Your assignment =
Restate each of the lines below word for word and drop every picture.

Collected material =
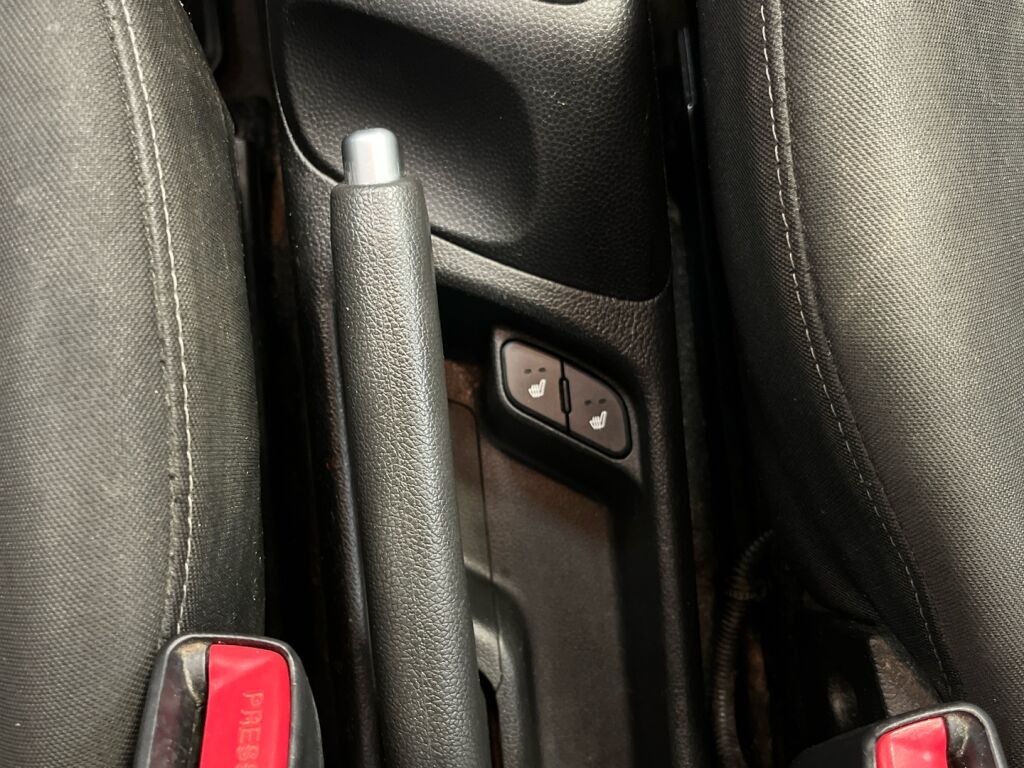 Kia Picanto 2014 Valkoinen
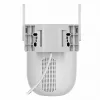 EZVIZ H9c Dual 2K kupola IP drošības kamera āra videi 2304 x 1296 pikseļi Griesti/Siena/Stabs
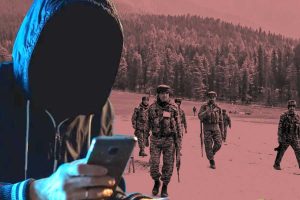 Terrorists used Chinese apps and devices to communicate with Pakistani handlers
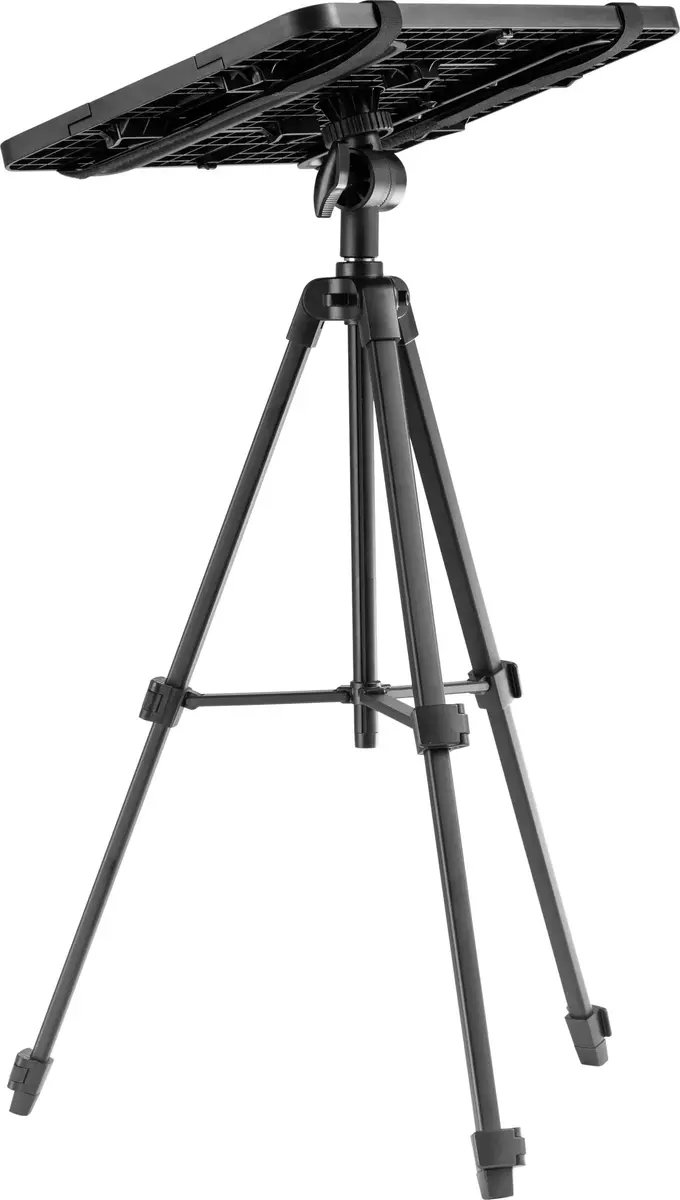 SpeaKa Professional SP-PT-200 grīdas kronšteins Photo 5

Exercise result =
 Kia Picanto 2014 Valkoinen
 EZVIZ H9c Dual 2K kupola IP drošības kamera āra videi 2304 x 1296 pikseļi Griesti/Siena/Stabs
 Terrorists used Chinese apps and devices to communicate with Pakistani handlers
 SpeaKa Professional SP-PT-200 grīdas kronšteins Photo 5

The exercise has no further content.